Hey, Answerman!by Zac Bertschy,
Hey kids! Did you miss me?
Don't worry – I already know the answer is
But, last week when Brian announced he'd be taking the week off to launch his new play, You Are Not Special, I realized I hadn't bothered to guest-host this thing since last time Brian took a week off to launch a play a year and a half ago, and decided to dust off my answerin' hat (which, if you're curious, is one of those oversize novelty foam cowboy hats with a frowny face painted on it) and give it a crack this week. It's been a while so forgive me if the plumbing on the reservoirs of spite I used to write this thing with are slow to fire up.
By the way, I dug around in the archives to find this banner by Sandra McMullen. It is still awesome.
“My first question is this. I know Naruto, Naruto Shippūden, and Bleach are highly popular shonen manga and anime. However, after reading up on some and seeing that many of the popular characters are being killed off (ex. Naruto Shippūden) or becoming too powerful (ex. Bleach), do you believe that it will make reader/viewer popularity go up or down? I mean, I was pretty upset when some of my favorite characters were killed off and then when I saw that the main antagonist of Bleach was becoming too powerful, I have to admit my interest is slowly declining and going toward more other popular manga/anime. Which leads to my second question. I'm not a total fangirl yet, but a friend of mine recently got me into Katekyo Hitman Reborn!. I know that there's been some good popularity with this one as well, but yet by now I was expecting an English dub release, since where I live, anime is hard to come by like in stores...apparently, Alabama has ziltch. Is there any plans for a dubbed release of Hitborn and if not, would they consider releasing the subbed DVDs out for the North American audiences to enjoy? I hope I don't sound too farfetched in asking nor do I want to be flamed either for my questions, so I decided to ask the experts. Thank you for your time."
You know, the thing about those long-running shonen series is that while they may shed fans over the years for a variety of reasons – a long, crappy story arc, for example, or the reasons you brought up (which basically amounts to “well this is just getting ridiculous”) – nothing seems to truly bring any of them to an actual stop or a loss of fans dramatic enough to effect the series' profitability or success. Once you reach a critical mass of readers and merchandise and hundreds of anime episodes and everything that comes with being a giant Shonen Jump franchise, seemingly nothing can stop you, not even becoming terrible (Dragon Ball GT, anyone?). Some fans might walk away after they reveal that Naruto is actually the reincarnation of Pol Pot or whatever, but it'll never be enough to kill the franchise. It'll be over when Kishimoto says it's over (or dies, which, given the lifestyle of an average mangaka, is depressingly more likely).

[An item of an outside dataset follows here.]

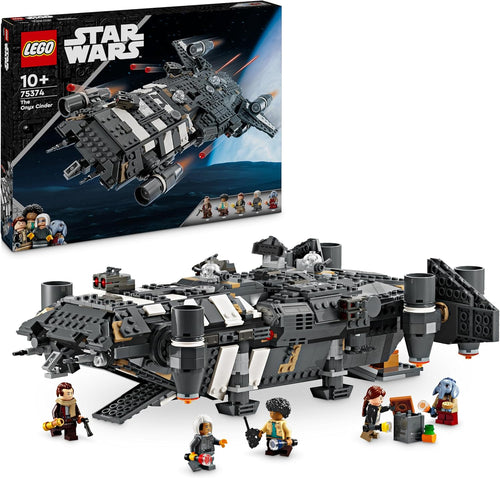 Retro space freighter brick model with rotating engines and five minifigures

As for Hitman Reborn, there's no license yet outside of streaming – the manga didn't exactly become a giant smash hit here and Viz hasn't said anything about it yet, although Funimation did send out some cease & desist orders a while ago to the people fansubbing the series (which doesn't mean they licensed it, but who knows). You can watch it subbed over at Crunchyroll, though, so if you can handle a little reading, that's the best way to see it right now. If someone thinks there's a chance for the show to make a little money as a sub-only DVD set, it'll happen, but there's no news until there's news.
I haven't actually seen any Hitman myself beyond the first episode (which wasn't my thang) but I hear it's one of those “love it or hate it with the fire of a thousand suns” kinda things.
Do DVD rental companies that have libraries featuring anime titles (i.e., Netflix) pay a portion of the proceeds to anime publishing companies, or (for the sake of supporting the industry) would using a streaming subscription service like Crunchyroll be a better idea? Not sure what the differences are, or what to go with.
Rental revenues are – based on everything I've seen – almost negligible for the studio releasing the film in this day and age. There's a reason Warner, Universal and most other monolithic Hollywood studios struck those 30-day retail window agreements with Netflix and Redbox, where those services don't get new release rentals until a month after their actual home video release. Whatever revenue they were generating from Netflix, it wasn't enough.
So let's break that down. A giant studio like Warner Bros. decides that their home video profit margins are shrinking as a result of allowing their releases to go right to Netflix and Redbox on the same day they're available for purchase in stores. They then come to the conclusion that making those films unavailable to renters immediately (outside of the crazy contract they signed with the few remaining stores left in the now-bankrupt Blockbuster franchise) would help their bottom line. Long story short – I don't think anyone's making serious money on Netflix rental licenses –least of all small distributors – and since supporting the industry appears to be your chief issue on deciding which subscription to purchase, I'd go with Crunchyroll right now.
With Crunchyroll, we have metrics – at least, metrics provided by the CEO. Kun Gao has said (and the company's marketing department has since insisted) that more than half of every dollar they make goes right back to the Japanese studios they license content from. If that's true (and it might be!) that's pretty good. Also, they're doing simulcasts of a whole bunch of crap (and I say crap because based on the last couple of seasons, most of it is actually quantifiably crap, not just “crap” where “crap” means “stuff”) this fall, and if you really want to be on top of things, that's where you want to go. They've got a pretty deep catalog, too.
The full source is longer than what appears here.